D.2.If a default exists, Secured Party may—
a.demand, collect, convert, redeem, settle, compromise, release, receipt for, realize on, sue for, foreclose on, and adjust any Collateral either in Secured Party’s or Condominium Association’s name, as Secured Party desires, or take control of any proceeds of the Collateral and apply the proceeds against the Note;
b.take possession and control of any Collateral not already in Secured Party’s possession, without demand or legal process, and for that purpose Condominium Association grants Secured Party the right to enter any premises where the Collateral may be located;
c.without taking possession, sell, lease, or otherwise dispose of the Collateral through or at any public or private sale in accordance with law;
d.exercise any rights and remedies granted by law or this agreement;
e.notify obligors on the Collateral to pay Secured Party directly and enforce Condominium Association’s rights against such obligors;
f.as Condominium Association’s agent, make any endorsements in Condominium Association’s name and on Condominium Association’s behalf; or
g.permit Condominium Association to use any Collateral to pay other Association obligations.
D.3.Foreclosure on any Collateral Lien Rights or of this security interest by suit does not limit Secured Party’s remedies, including the right to sell the Collateral under the terms of this agreement. Secured Party may exercise all remedies at the same or different times, and no remedy is a defense to any other. Secured Party’s rights and remedies include all those granted by law and those specified in this agreement.

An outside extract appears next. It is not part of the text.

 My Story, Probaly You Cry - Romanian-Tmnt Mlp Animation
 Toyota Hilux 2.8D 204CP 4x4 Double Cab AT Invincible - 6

D.4.Secured Party’s delay in exercising, partial exercise of, or failure to exercise any of its remedies or rights does not waive Secured Party’s rights to subsequently exercise those remedies or rights. Secured Party’s waiver of any default does not waive any other default by Condominium Association. Secured Party’s waiver of any right in this agreement or of any default is binding only if it is in writing. Secured Party may remedy any default without waiving it.

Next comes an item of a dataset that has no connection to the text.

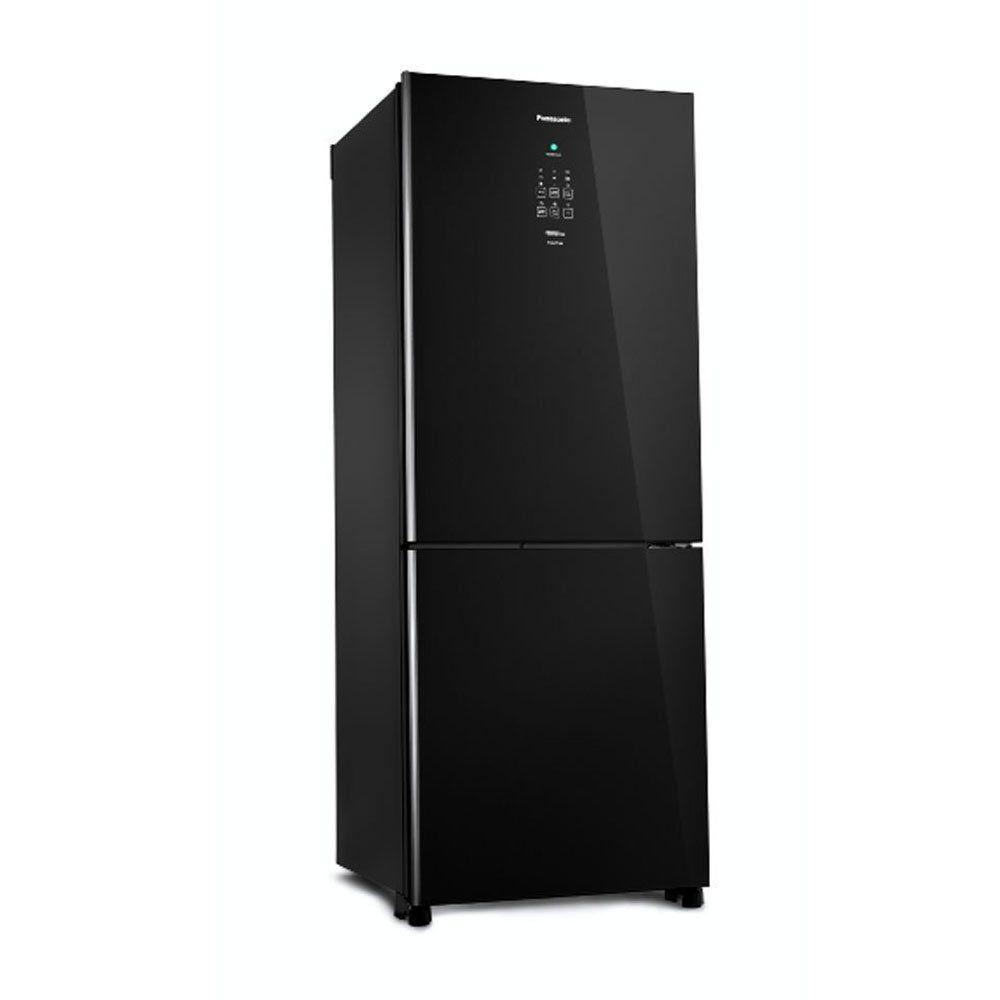 Geladeira Panasonic Inverter Frost Free 2 Portas BB53 Glass 425L ...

D.5.Secured Party has no obligation to prepare the Collateral for sale.
D.6.At any time Secured Party may contact obligors on the Collateral directly to verify information furnished by Condominium Association.
D.7.Secured Party has no obligation to collect the Collateral and is not liable for failure to collect the Collateral, for failure to preserve any rights pertaining to the Collateral, or for any act or omission on the part of Secured Party or Secured Party’s officers, agents, or employees, except willful misconduct.
D.8.Secured Party has no obligation to satisfy the Note by attempting to collect the Note from any other person liable for it. Secured Party may release, modify, or waive any collateral provided by any other person to secure the Note. If Secured Party attempts to collect the Note from any other person liable for it or releases, modifies, or waives any collateral provided by any other person, that will not affect Secured Party’s rights against Condominium Association. Condominium Association waives any right Condominium Association may have to require Secured Party to pursue any third person for the Note.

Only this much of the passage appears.